VAR provides equipment financing for small, medium and large technology companies. Last year it originated about $180 million in loans, People’s United said. VAR will become a division of Leaf Commercial Capital, an equipment finance firm the bank bought in 2017. VAR has 90 employees.

Separately, People’s United said in November that it would buy the $3 billion-asset BSB Bancorp in Belmont, Mass. That deal would give People’s United six branches in the Boston market and should nudge the bank up to No. 7 by deposit market share there.

People’s United also released its fourth-quarter results Thursday, saying that net income increased 25% from the year-ago quarter to $132.9 million. Total revenues increased 9.4% to $428.2 million.
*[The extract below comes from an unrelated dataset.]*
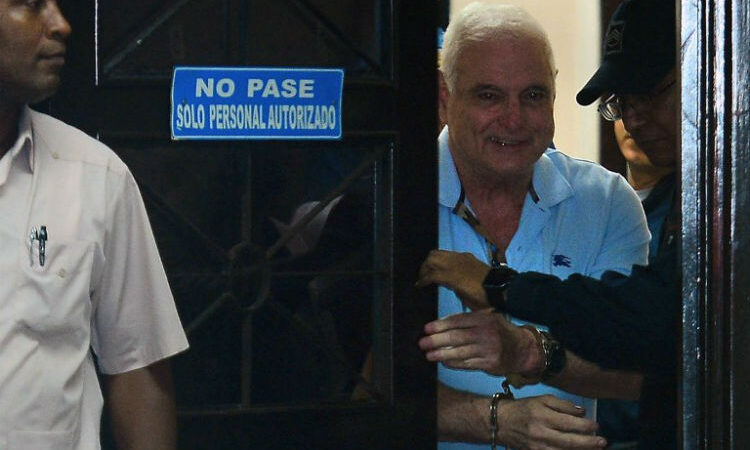 Expresidente Martinelli a cuidados intensivos tras ser extraditado por EE.UU.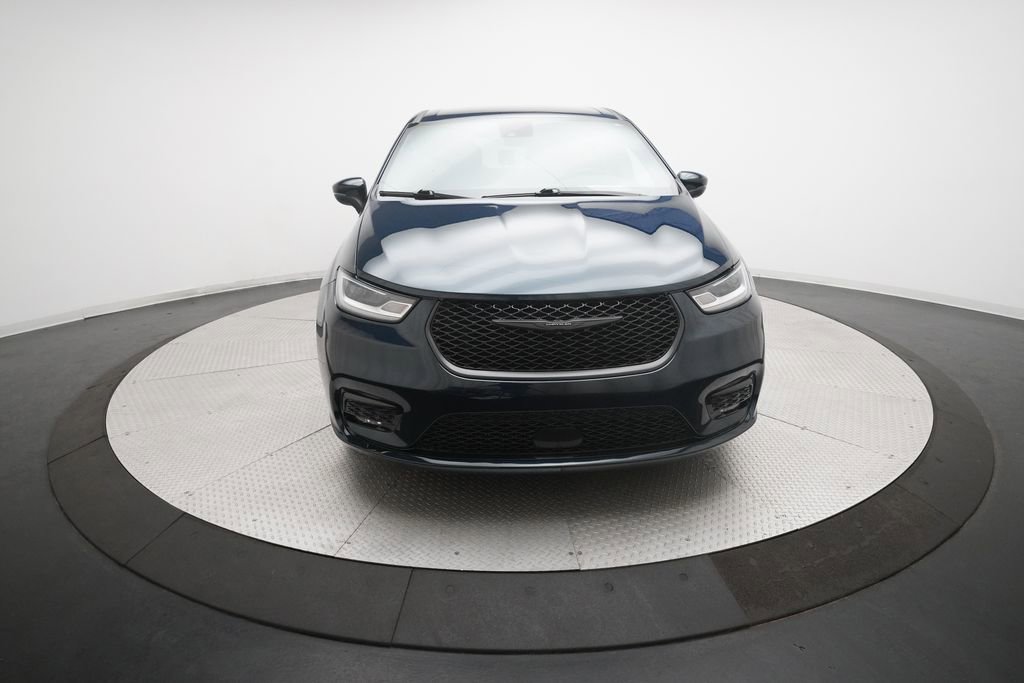 Used 2023 Chrysler Pacifica Touring-L w/ S Appearance Package image 11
Earnings per share totaled 35 cents, coming in 10 cents lower than the mean estimate of analysts polled by FactSet Research Systems.

Net interest income rose 13.8% to $332.6 million, and the net interest margin widened 10 basis points to 3.17%. Average loans increased 8.4% to $35 billion. Commercial loans rose 6% to $25 billion, while residential mortgages lifted retail loans 14.6% to $10.2 billion.

Average deposits grew 9.4% to $36 billion.

Noninterest income increased 1.6% to $88.7 million. Noninterest expenses grew 9.6% to $262.7 million and included $12.3 million in compensation and benefits, primarily resulting from its recent acquisition of First Connecticut Bancorp.

The company said its efficiency ratio improved to 55.1% from 56.1% in the fourth quarter of 2017.